_Task data_

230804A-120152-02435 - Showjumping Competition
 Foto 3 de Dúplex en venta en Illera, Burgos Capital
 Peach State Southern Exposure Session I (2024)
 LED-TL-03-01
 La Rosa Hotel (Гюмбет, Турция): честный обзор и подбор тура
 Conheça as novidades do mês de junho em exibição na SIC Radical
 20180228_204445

_What you have to do_
Copy exactly, and only, the lines from the one containing "Conheça as novidades" through the last line of the listing.

_Response for this exercise_
 Conheça as novidades do mês de junho em exibição na SIC Radical
 20180228_204445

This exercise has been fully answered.